> **Your task**: Line by line, repeat the material below exactly and leave the images out.

———

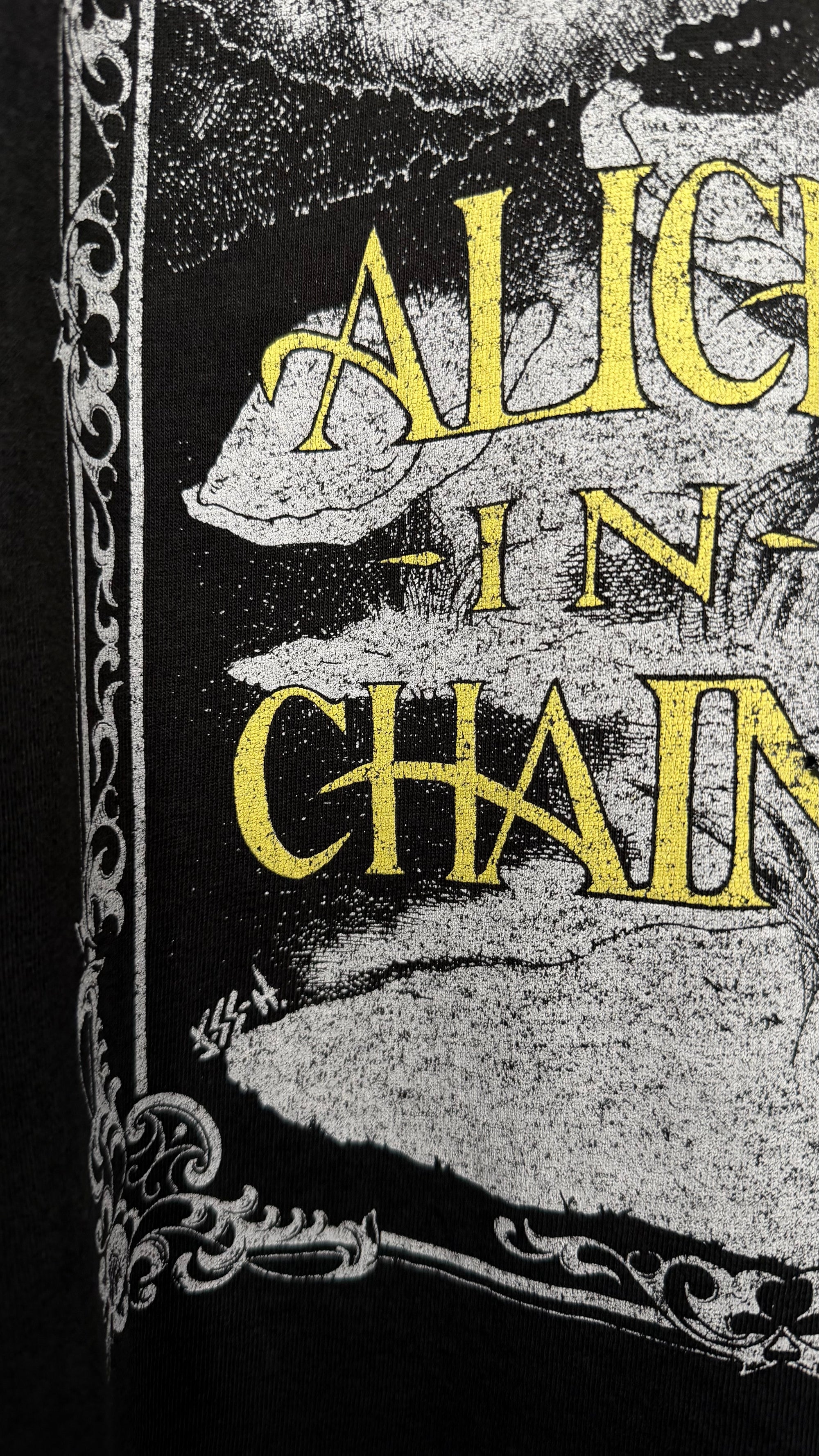 ALICE IN CHAINS WONDERLAND LONGSLEEVE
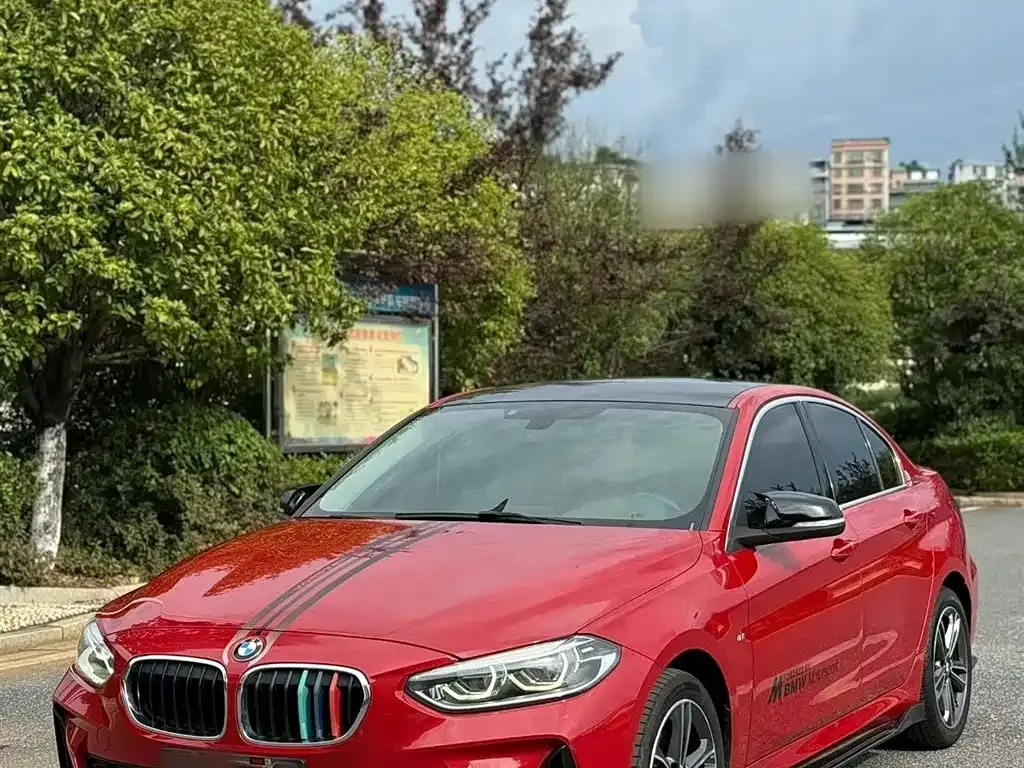 BMW 1 Series — фото 1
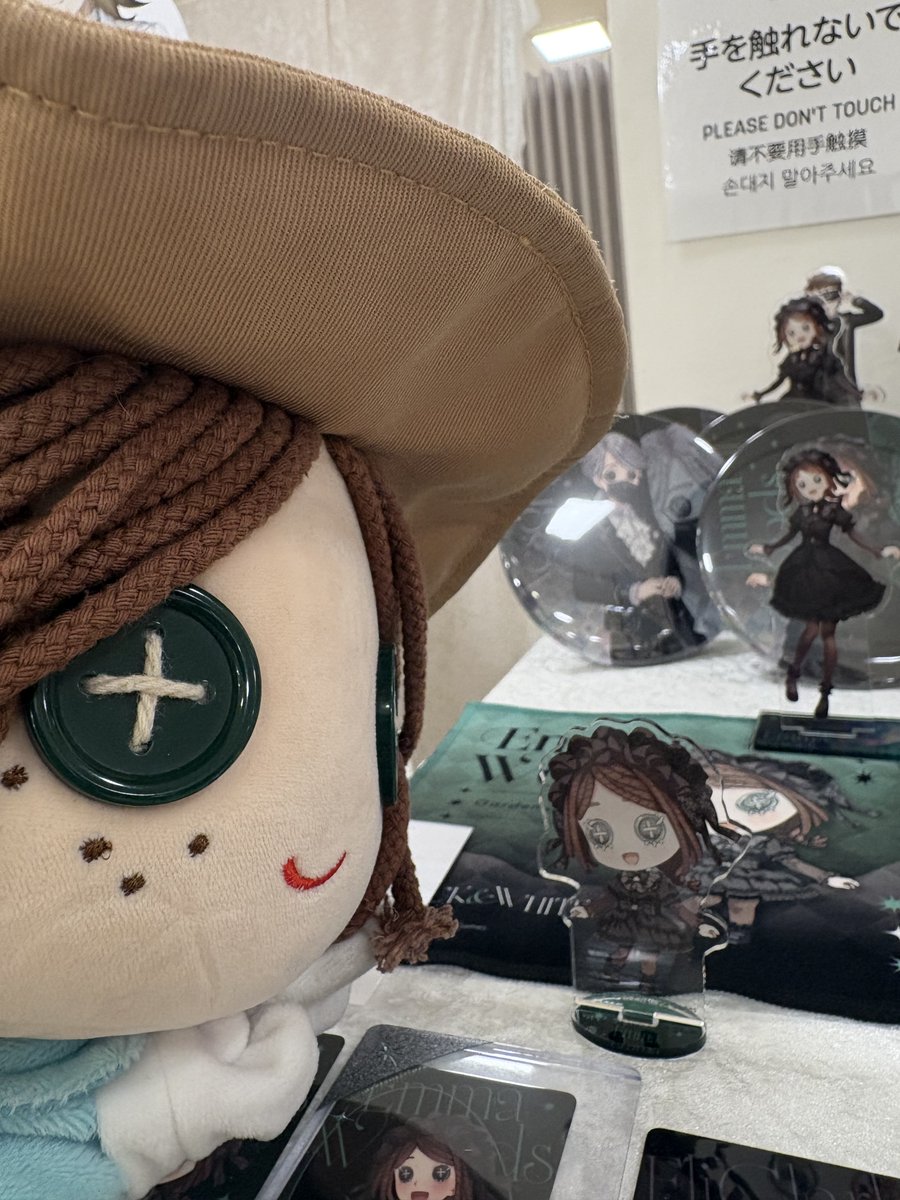 EmmaIdentityVJP's tweet photo. IdentityV×#ZOZOTOWN×#THEキャラ SHOP
🖤～ モノクロのワルツ ～🤍
「Infinity colors」

待って…エマがいる！
エマがエマに遭遇しちゃった🌷
にこにこ止まらない…！

近くに行く機会があったら、ぜひ立ち寄ってみてね🛍️

#IdentityV #第五人格 https://t.co/KVVHQH2CJg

———

> **Written reply**:
 ALICE IN CHAINS WONDERLAND LONGSLEEVE
 BMW 1 Series — фото 1
 EmmaIdentityVJP's tweet photo. IdentityV×#ZOZOTOWN×#THEキャラ SHOP
🖤～ モノクロのワルツ ～🤍
「Infinity colors」

待って…エマがいる！
エマがエマに遭遇しちゃった🌷
にこにこ止まらない…！

近くに行く機会があったら、ぜひ立ち寄ってみてね🛍️

#IdentityV #第五人格 https://t.co/KVVHQH2CJg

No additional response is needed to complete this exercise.